The truly decentralized nature of blockchain could only be realized when the trust factor, which is rooted in the centralized system, could be eliminated. Users should not make a complete deal in good faith that the other party will abide by the terms. In the real world, it is ensured by the use of lawyers who ask them to sign legal contracts to prevent malicious practice or backing out.
Blockchain performs this through smart contracts, which are codes that execute automatically once the preset logic and conditions are met, making the whole system trustless. Here, the funds are locked in escrow and released only if both parties complete their parts of the deal.
Smart contracts can range from simple to complex, designed to fulfill multiple logic to produce the desired outcome. Immutability is an inherent feature of blockchain that ensures that no transaction is reversed and that the data once entered can not be tampered with. Thus, smart contracts need to be coded carefully to prevent the loss of funds due to poor design and unclear logic.
The integer overflow and underflow vulnerabilities can occur if the smart contract involves incorrect arithmetic calculations because the numbers involved are pretty small or large. The infamous Ponzi scheme of Proof of Week Hands Coin (PoWH) is the best example, where the valuation of a project with one million dollars as its initial value fell by more than $800k.
Although the transparency of blockchain is its inherent feature, it can also cause havoc. Once the smart contracts and included transactions are deployed over the network, they enter the memory pool and wait in line for their turn to be confirmed. Your smart contract is visible to everyone and if it contains any arbitrage opportunities, anyone can copy it and submit it over the network with higher gas fees, increasing their probability.
Moreover, miners have an upper hand above all because of their penetration into the network and more technical know-how than common users. They also have the power to arrange transactions the way they want, mostly in order of gas flow, to make more profits. Thus, they can front-run other honest users and make a profit from what is called the miner’s extractable value (MEV).

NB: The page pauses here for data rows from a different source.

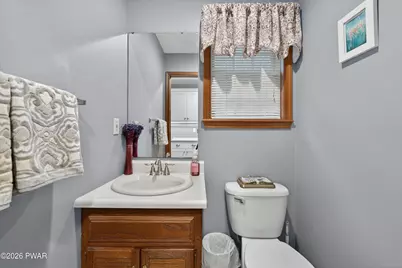 107 Valley Court, Milford, PA 18337 - Photo 27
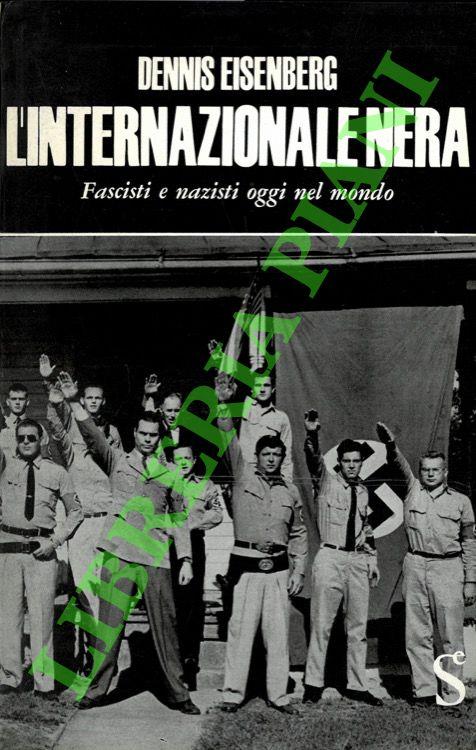 Libreria Piani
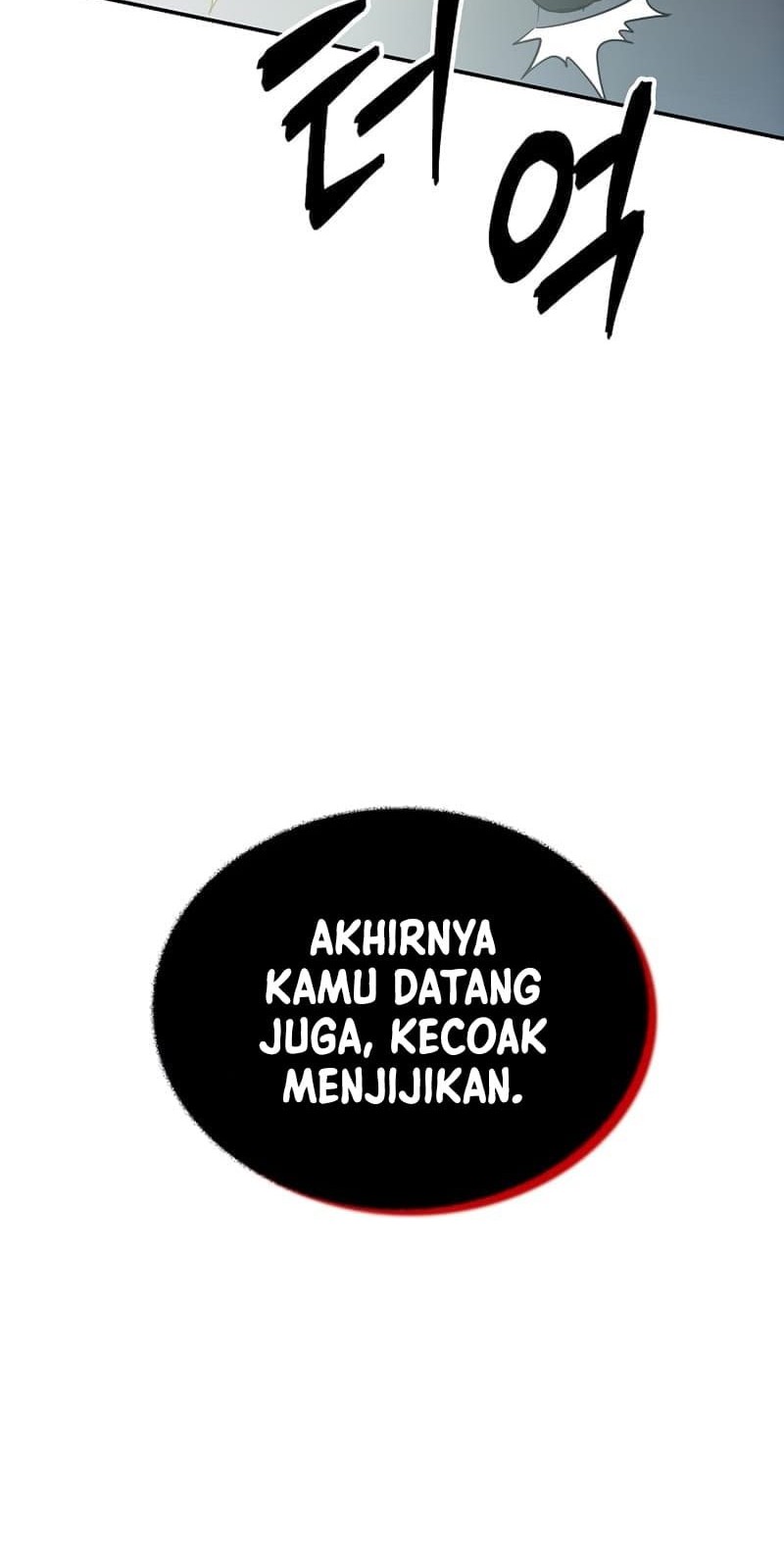 I have an SSS-rank Trait, but I want a Normal Life Chapter 29 Gambar 69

Several smart contracts depend on other external smart contracts to complete their execution. They call another smart contract and once that is completed, the original moves over to complete it. However, hackers can intercept this callback and introduce their own, malicious smart contract. Thus, they can modify the terms of the agreement and exploit the funds. Sometimes, developers forget to put a limit on the callbacks, and hackers can call them multiple times, gradually depleting all the funds under the smart contract without the knowledge of the developer.

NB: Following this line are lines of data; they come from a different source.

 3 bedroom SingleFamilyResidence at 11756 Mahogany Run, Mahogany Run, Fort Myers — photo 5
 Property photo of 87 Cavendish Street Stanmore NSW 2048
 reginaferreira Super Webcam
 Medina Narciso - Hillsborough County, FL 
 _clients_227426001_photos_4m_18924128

Smart contracts do not support floating point and thus values are stored mostly in integers. Further, to achieve better accuracy, the values are stored in smaller units rather than large ones, which is best seen in financial services, where the unit used is cents rather than dollars. However, developers are aware of the issue with integer overflow, where once the integers, which have a preset limit, reach the same value, they are reset to the lowest value.
Smart contracts have become the base of blockchain applications nowadays and developers should ensure their security before launch. They can start bug bounty programs, conduct audits of their code by reputed companies, take the help of artificial intelligence (AI) to correct as they code, and perform regular internal security checks. They can also learn from the previous examples of vulnerabilities faced by others.